Judge of the Arizona Court of Appeals
- In office April 1995 – July 22, 2019
- Appointed by: Fife Symington
- Preceded by: Eino M. Jacobson
- Succeeded by: D. Steven Williams

Personal details
- Born: 1954
- Died: July 22, 2019 (aged 65) Phoenix, Arizona
- Education: Northern Arizona University University of Colorado J.D.

= Jon W. Thompson =

American judge (1954–2019)

Jon W. Thompson (1954 – July 22, 2019) was a Judge of the Arizona Court of Appeals from 1995 until his death in 2019.

==Early life and education==
Thompson attended Glendale Community College before earning a bachelor's degree from Northern Arizona University in 1975 and received his Juris Doctor from the University of Colorado in 1979.

==Legal career==
Thompson was a deputy county attorney in Coconino and Yuma counties. He then served as a judge pro tempore for the Coconino County Superior Court and worked in private practice in Flagstaff.
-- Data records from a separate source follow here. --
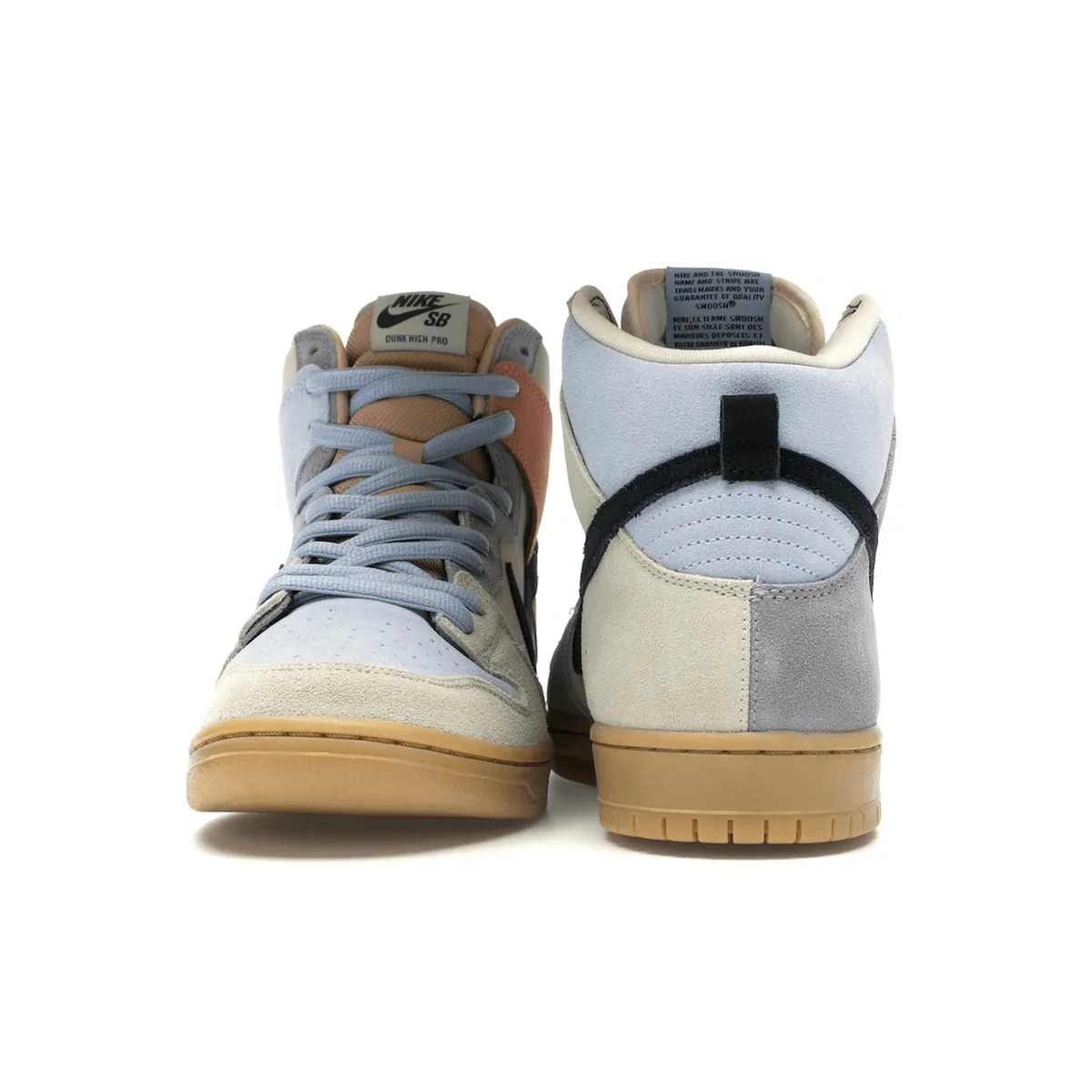 Nike SB Dunk High Spectrum Nike Dunk heritage sneakers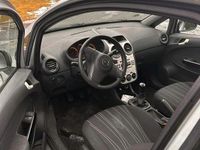 Gebraucht Opel Corsa 68 PS (50 kW) 2008 Silber Kleinwagen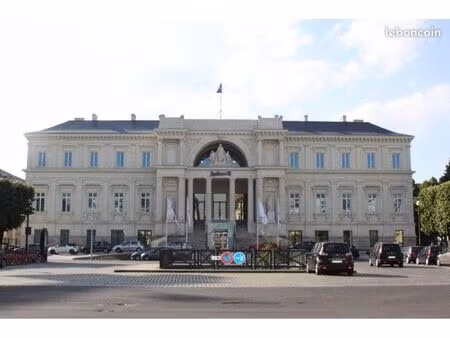 duplex atypique avec filet suspendu — hyper-centre nantes (aristide briand)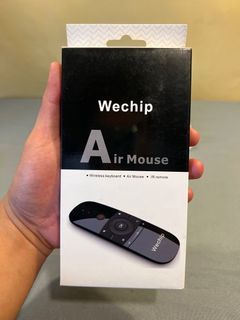 Wechip W1 Air Mouse Wireless Keyboard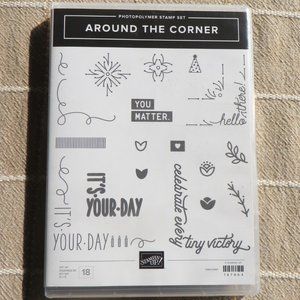 Stampin' Up Around the Corner Stamp Set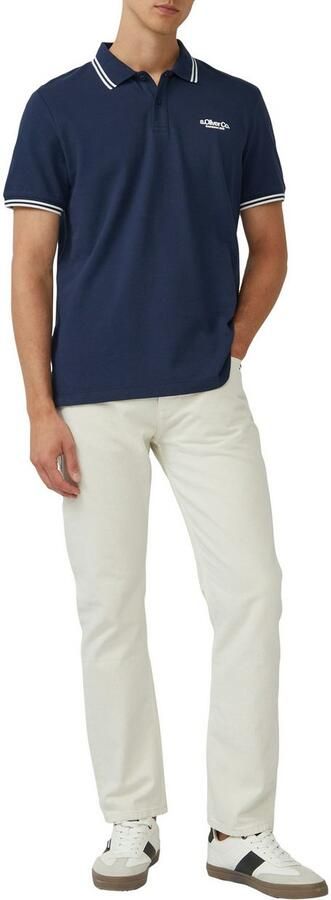 S.Oliver Poloshirt met logo-opschrift - Foto 2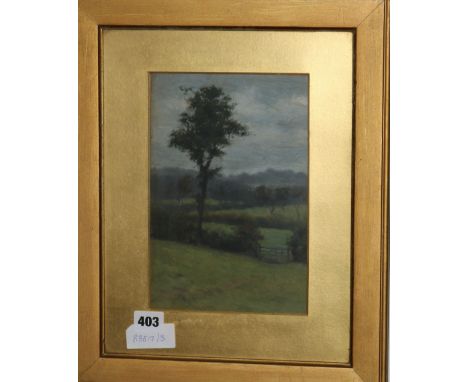 J K R Duffoil on boardFields in Hendoninscribed verso9.5 x 6.25in.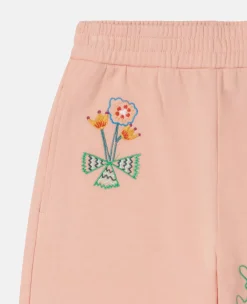 Acorn Embroidery Joggers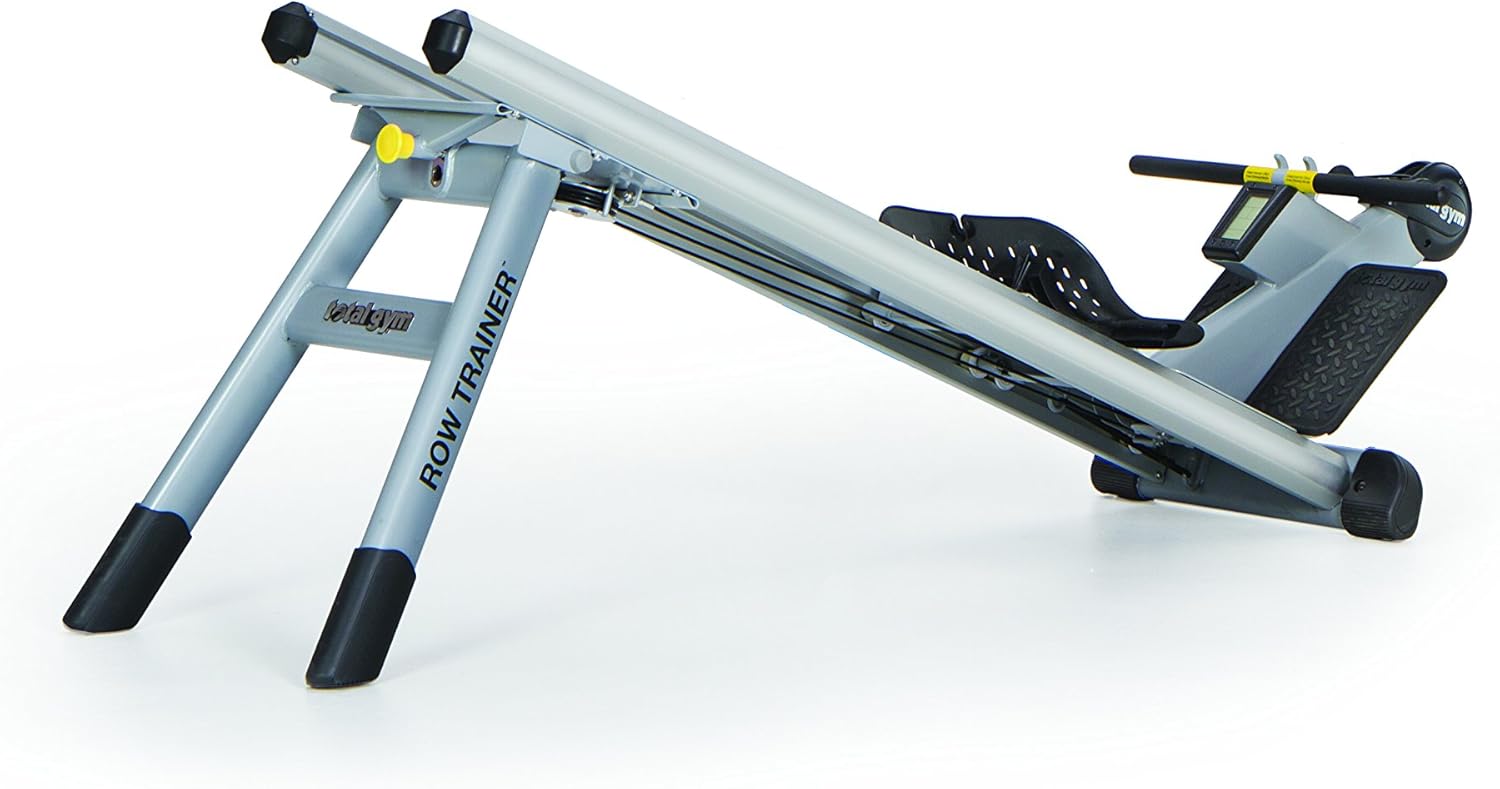 Total Gym Row Trainer, Silver & Black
==Appointment to state court of appeals==
Thompson was appointed to the court by Governor Fife Symington in 1995. He was retained by voters in 1998, 2004, 2010, and 2016. At the time of his death, Thompson was the state's second-longest serving appellate judge.

In 2018, Thompson authored a decision that rendered cannabis extracts like hash oil illegal, the state supreme court eventually reversed.